#### Exercise aim
For the listing that follows, give again exactly the lines from the one with "A man and his son on a sailboat wearing lifejackets A" to the one with "Black package of", including both.

(Beginning of Records for the exercise)

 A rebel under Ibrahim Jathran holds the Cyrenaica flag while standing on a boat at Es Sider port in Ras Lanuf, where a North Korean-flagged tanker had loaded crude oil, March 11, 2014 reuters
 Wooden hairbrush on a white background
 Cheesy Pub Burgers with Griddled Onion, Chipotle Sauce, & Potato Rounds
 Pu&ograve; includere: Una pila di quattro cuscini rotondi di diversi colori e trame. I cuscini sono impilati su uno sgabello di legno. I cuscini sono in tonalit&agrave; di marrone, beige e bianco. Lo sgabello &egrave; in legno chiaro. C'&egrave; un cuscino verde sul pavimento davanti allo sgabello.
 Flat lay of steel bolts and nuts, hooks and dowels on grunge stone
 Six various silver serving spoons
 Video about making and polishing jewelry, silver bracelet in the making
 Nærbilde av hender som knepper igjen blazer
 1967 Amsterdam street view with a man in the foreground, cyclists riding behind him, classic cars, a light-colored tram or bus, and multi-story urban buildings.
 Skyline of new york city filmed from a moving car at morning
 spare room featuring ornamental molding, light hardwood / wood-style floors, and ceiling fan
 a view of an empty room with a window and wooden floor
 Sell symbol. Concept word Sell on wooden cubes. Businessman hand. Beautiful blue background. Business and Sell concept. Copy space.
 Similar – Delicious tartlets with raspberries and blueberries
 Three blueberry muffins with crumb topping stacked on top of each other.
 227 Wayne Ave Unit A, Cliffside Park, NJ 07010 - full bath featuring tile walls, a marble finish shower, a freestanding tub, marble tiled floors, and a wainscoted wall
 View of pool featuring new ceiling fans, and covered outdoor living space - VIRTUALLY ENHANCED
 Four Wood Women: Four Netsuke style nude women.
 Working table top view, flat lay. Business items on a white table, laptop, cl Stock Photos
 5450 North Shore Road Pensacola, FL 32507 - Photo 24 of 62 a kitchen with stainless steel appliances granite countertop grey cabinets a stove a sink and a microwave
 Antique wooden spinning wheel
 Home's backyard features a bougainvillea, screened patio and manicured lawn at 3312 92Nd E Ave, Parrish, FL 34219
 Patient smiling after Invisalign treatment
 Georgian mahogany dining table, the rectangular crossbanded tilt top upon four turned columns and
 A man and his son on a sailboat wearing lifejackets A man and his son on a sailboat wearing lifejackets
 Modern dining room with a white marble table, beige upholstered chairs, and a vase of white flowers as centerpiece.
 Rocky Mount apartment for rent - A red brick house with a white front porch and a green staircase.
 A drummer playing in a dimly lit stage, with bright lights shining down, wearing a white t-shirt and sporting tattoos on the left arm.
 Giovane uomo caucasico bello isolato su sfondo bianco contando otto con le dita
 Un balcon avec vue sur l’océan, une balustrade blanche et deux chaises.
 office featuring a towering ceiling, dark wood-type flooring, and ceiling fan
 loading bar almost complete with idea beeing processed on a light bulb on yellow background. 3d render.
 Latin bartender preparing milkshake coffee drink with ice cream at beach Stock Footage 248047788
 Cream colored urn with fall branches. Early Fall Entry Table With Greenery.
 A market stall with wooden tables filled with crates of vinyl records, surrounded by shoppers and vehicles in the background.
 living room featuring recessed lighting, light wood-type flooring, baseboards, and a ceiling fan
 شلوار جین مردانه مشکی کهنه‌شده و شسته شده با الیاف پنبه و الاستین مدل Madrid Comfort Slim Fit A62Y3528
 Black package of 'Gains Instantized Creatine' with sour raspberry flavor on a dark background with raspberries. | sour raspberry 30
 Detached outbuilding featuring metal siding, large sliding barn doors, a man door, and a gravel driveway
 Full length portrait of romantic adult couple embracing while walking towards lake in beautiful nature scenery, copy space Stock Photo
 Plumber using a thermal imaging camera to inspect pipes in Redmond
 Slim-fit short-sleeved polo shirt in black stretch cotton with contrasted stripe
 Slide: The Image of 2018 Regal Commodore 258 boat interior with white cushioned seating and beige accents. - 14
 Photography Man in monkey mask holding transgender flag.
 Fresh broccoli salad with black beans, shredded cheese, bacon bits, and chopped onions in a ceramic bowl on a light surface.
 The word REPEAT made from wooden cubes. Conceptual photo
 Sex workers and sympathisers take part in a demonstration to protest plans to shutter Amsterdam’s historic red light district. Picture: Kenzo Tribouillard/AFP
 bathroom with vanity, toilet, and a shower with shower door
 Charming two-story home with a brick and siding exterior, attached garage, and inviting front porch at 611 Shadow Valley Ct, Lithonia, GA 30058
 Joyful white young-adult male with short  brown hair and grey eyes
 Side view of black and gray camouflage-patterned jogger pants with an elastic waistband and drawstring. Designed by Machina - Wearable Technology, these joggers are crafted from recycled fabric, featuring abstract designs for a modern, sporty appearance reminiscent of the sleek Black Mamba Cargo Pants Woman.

(End of Records for the exercise)

#### Result
 A man and his son on a sailboat wearing lifejackets A man and his son on a sailboat wearing lifejackets
 Modern dining room with a white marble table, beige upholstered chairs, and a vase of white flowers as centerpiece.
 Rocky Mount apartment for rent - A red brick house with a white front porch and a green staircase.
 A drummer playing in a dimly lit stage, with bright lights shining down, wearing a white t-shirt and sporting tattoos on the left arm.
 Giovane uomo caucasico bello isolato su sfondo bianco contando otto con le dita
 Un balcon avec vue sur l’océan, une balustrade blanche et deux chaises.
 office featuring a towering ceiling, dark wood-type flooring, and ceiling fan
 loading bar almost complete with idea beeing processed on a light bulb on yellow background. 3d render.
 Latin bartender preparing milkshake coffee drink with ice cream at beach Stock Footage 248047788
 Cream colored urn with fall branches. Early Fall Entry Table With Greenery.
 A market stall with wooden tables filled with crates of vinyl records, surrounded by shoppers and vehicles in the background.
 living room featuring recessed lighting, light wood-type flooring, baseboards, and a ceiling fan
 شلوار جین مردانه مشکی کهنه‌شده و شسته شده با الیاف پنبه و الاستین مدل Madrid Comfort Slim Fit A62Y3528
 Black package of 'Gains Instantized Creatine' with sour raspberry flavor on a dark background with raspberries. | sour raspberry 30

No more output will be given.